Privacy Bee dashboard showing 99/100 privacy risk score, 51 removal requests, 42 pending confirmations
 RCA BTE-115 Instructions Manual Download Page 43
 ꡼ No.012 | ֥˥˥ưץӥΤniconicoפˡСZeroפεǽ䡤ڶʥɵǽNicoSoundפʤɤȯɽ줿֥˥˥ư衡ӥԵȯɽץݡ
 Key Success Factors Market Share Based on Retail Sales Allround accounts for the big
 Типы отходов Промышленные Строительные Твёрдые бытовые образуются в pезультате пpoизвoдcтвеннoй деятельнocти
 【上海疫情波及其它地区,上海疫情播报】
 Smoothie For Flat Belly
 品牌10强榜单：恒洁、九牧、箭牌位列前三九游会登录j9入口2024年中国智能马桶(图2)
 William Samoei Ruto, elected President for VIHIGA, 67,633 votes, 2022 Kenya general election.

• _Your task_:
Transcribe the data word for word.

• _Output of the task_:
Privacy Bee dashboard showing 99/100 privacy risk score, 51 removal requests, 42 pending confirmations
 RCA BTE-115 Instructions Manual Download Page 43
 ꡼ No.012 | ֥˥˥ưץӥΤniconicoפˡСZeroפεǽ䡤ڶʥɵǽNicoSoundפʤɤȯɽ줿֥˥˥ư衡ӥԵȯɽץݡ
 Key Success Factors Market Share Based on Retail Sales Allround accounts for the big
 Типы отходов Промышленные Строительные Твёрдые бытовые образуются в pезультате пpoизвoдcтвеннoй деятельнocти
 【上海疫情波及其它地区,上海疫情播报】
 Smoothie For Flat Belly
 品牌10强榜单：恒洁、九牧、箭牌位列前三九游会登录j9入口2024年中国智能马桶(图2)
 William Samoei Ruto, elected President for VIHIGA, 67,633 votes, 2022 Kenya general election.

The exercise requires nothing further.